BEGIN Dataset records

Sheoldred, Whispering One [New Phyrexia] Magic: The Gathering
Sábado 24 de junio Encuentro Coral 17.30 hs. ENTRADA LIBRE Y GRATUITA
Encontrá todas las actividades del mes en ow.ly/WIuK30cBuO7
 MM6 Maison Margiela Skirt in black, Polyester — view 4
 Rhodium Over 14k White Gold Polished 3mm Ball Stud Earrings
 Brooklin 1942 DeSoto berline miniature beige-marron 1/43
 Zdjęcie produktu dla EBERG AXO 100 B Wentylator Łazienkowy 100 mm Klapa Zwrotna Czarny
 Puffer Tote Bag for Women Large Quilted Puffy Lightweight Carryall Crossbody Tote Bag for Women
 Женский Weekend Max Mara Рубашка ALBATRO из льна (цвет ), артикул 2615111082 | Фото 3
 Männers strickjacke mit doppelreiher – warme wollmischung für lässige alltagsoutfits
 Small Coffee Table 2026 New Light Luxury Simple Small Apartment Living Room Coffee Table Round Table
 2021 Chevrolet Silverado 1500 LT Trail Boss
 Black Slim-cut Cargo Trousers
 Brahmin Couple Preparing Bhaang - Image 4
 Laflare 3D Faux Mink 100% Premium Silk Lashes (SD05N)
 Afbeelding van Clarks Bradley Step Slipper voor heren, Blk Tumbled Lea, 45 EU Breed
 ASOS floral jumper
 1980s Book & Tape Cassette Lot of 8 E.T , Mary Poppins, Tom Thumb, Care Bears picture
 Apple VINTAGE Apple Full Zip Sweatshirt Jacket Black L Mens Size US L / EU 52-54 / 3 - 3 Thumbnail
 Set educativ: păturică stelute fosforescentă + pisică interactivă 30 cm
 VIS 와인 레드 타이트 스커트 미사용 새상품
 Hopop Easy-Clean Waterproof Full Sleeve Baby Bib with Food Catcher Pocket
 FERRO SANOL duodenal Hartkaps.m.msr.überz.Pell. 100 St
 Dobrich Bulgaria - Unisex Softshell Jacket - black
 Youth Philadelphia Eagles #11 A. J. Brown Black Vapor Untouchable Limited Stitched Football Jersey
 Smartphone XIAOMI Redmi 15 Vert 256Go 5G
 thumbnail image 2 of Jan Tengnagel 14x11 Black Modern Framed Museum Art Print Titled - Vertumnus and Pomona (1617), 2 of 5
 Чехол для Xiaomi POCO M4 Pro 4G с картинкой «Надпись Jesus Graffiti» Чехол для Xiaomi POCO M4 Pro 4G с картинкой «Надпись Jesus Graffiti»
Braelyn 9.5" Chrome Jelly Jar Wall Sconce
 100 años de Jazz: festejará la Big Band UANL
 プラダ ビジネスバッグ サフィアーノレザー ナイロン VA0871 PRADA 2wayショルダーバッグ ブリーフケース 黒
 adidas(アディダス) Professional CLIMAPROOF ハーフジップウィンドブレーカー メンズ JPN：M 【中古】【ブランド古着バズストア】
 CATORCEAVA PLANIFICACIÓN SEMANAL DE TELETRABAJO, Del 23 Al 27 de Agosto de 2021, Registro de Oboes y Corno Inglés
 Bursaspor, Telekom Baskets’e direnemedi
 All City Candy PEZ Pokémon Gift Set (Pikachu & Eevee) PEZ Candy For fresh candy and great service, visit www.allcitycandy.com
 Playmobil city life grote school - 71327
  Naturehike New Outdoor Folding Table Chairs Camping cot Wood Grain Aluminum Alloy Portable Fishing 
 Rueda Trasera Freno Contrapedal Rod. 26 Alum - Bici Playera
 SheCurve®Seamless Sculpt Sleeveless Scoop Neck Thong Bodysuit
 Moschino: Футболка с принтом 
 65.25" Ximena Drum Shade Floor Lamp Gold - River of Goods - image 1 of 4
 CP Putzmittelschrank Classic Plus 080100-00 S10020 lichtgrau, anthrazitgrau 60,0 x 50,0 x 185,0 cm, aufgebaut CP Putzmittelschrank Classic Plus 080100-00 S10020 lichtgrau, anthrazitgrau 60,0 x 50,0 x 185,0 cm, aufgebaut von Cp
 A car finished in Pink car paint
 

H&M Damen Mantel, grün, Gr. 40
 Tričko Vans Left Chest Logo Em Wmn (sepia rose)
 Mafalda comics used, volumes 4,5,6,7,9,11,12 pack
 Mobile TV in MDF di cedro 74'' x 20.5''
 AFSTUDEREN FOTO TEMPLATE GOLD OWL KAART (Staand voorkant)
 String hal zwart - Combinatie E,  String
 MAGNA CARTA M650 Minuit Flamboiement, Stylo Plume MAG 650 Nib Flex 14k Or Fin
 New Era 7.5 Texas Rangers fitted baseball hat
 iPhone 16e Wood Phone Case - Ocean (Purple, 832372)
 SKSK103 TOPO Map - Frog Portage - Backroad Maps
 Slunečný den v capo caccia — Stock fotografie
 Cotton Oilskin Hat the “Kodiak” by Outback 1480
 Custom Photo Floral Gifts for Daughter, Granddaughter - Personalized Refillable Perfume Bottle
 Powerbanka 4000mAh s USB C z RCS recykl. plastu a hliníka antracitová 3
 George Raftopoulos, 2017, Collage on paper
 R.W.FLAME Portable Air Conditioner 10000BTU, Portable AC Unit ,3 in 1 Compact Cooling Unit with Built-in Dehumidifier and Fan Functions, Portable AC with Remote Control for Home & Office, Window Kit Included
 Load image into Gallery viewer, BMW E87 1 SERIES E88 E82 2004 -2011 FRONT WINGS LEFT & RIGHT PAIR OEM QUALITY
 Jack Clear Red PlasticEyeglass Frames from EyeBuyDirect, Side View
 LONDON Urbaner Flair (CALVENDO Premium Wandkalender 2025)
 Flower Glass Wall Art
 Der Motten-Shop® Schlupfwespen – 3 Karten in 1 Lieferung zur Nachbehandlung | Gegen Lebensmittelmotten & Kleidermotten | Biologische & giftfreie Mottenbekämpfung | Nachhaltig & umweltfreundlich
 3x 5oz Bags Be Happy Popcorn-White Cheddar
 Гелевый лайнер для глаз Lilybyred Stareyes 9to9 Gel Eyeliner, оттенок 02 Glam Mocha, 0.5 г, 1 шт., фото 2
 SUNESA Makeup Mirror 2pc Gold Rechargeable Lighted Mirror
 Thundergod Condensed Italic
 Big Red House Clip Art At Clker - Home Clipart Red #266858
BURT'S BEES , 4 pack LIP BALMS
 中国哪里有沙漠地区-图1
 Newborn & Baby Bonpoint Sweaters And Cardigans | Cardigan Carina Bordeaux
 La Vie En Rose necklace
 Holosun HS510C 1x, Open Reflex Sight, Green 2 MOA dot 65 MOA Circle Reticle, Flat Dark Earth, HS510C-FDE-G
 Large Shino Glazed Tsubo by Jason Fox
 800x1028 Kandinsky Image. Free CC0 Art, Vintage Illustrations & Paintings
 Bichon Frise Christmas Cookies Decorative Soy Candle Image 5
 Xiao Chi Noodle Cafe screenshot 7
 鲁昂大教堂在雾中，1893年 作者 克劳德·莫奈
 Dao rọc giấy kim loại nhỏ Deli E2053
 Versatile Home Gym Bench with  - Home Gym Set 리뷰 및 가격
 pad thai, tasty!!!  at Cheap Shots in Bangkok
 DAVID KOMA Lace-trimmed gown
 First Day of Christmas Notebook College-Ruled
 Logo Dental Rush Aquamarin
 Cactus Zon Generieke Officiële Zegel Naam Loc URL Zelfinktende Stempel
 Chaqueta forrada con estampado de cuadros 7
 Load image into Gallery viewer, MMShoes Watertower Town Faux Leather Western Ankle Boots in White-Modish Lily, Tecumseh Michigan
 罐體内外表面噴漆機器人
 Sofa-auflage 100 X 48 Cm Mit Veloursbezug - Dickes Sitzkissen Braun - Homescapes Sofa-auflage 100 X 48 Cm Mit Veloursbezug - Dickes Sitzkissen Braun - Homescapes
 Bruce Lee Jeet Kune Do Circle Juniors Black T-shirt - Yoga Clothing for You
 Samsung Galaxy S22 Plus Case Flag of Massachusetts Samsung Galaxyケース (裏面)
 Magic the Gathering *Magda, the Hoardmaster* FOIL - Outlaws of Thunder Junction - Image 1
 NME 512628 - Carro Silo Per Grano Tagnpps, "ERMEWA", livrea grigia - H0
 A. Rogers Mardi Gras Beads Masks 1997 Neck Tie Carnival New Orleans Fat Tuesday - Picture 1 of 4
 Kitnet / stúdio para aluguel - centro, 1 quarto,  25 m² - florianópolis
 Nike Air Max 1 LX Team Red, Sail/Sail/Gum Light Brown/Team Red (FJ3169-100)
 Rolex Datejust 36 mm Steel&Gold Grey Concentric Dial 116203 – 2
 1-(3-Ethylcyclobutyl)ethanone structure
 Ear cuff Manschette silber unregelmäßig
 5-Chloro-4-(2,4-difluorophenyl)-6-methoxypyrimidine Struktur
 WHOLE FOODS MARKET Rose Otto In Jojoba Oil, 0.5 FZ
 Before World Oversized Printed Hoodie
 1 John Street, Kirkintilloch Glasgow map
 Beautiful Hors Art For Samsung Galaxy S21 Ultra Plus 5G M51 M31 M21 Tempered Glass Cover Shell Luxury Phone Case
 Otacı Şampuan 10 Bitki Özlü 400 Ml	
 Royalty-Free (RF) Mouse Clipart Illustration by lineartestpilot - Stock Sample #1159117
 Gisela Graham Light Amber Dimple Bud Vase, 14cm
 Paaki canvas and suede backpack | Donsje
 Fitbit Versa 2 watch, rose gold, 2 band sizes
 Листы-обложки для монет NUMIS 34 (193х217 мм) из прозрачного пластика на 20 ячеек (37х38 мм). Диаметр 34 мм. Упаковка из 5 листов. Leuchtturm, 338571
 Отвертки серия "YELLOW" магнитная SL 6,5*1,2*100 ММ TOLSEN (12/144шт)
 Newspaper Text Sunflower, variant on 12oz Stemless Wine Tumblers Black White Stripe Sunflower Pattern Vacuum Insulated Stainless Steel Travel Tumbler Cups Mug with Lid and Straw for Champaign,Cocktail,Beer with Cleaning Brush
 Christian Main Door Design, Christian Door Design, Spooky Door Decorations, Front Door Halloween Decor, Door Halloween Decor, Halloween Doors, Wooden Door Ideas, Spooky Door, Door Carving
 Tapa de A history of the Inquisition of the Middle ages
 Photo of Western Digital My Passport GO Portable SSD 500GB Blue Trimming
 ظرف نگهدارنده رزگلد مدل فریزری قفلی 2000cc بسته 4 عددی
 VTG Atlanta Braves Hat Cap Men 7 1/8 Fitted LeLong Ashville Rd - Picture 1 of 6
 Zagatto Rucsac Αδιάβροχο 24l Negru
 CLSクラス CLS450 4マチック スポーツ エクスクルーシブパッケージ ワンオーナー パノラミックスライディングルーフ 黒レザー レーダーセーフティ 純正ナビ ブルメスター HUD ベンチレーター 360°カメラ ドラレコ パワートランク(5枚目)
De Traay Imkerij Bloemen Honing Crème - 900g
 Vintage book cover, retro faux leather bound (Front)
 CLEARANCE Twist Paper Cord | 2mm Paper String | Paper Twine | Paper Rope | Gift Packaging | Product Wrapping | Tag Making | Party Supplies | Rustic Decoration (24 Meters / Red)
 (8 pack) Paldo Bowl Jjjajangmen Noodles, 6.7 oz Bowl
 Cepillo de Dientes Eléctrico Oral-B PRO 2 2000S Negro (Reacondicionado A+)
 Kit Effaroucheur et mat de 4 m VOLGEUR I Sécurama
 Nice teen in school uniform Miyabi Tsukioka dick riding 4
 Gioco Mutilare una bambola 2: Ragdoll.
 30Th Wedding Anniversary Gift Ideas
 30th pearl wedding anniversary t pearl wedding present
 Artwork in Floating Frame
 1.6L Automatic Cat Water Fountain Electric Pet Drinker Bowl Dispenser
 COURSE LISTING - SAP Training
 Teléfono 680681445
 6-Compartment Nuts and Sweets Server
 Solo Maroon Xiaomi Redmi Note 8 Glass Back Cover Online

END Dataset records

Problem description. Taking the line with "Christian Main Door" as the first and the line with "30Th Wedding Anniversary Gift Ideas" as the last, retype that stretch of the data above exactly, with no other lines.

Reply.
 Christian Main Door Design, Christian Door Design, Spooky Door Decorations, Front Door Halloween Decor, Door Halloween Decor, Halloween Doors, Wooden Door Ideas, Spooky Door, Door Carving
 Tapa de A history of the Inquisition of the Middle ages
 Photo of Western Digital My Passport GO Portable SSD 500GB Blue Trimming
 ظرف نگهدارنده رزگلد مدل فریزری قفلی 2000cc بسته 4 عددی
 VTG Atlanta Braves Hat Cap Men 7 1/8 Fitted LeLong Ashville Rd - Picture 1 of 6
 Zagatto Rucsac Αδιάβροχο 24l Negru
 CLSクラス CLS450 4マチック スポーツ エクスクルーシブパッケージ ワンオーナー パノラミックスライディングルーフ 黒レザー レーダーセーフティ 純正ナビ ブルメスター HUD ベンチレーター 360°カメラ ドラレコ パワートランク(5枚目)
De Traay Imkerij Bloemen Honing Crème - 900g
 Vintage book cover, retro faux leather bound (Front)
 CLEARANCE Twist Paper Cord | 2mm Paper String | Paper Twine | Paper Rope | Gift Packaging | Product Wrapping | Tag Making | Party Supplies | Rustic Decoration (24 Meters / Red)
 (8 pack) Paldo Bowl Jjjajangmen Noodles, 6.7 oz Bowl
 Cepillo de Dientes Eléctrico Oral-B PRO 2 2000S Negro (Reacondicionado A+)
 Kit Effaroucheur et mat de 4 m VOLGEUR I Sécurama
 Nice teen in school uniform Miyabi Tsukioka dick riding 4
 Gioco Mutilare una bambola 2: Ragdoll.
 30Th Wedding Anniversary Gift Ideas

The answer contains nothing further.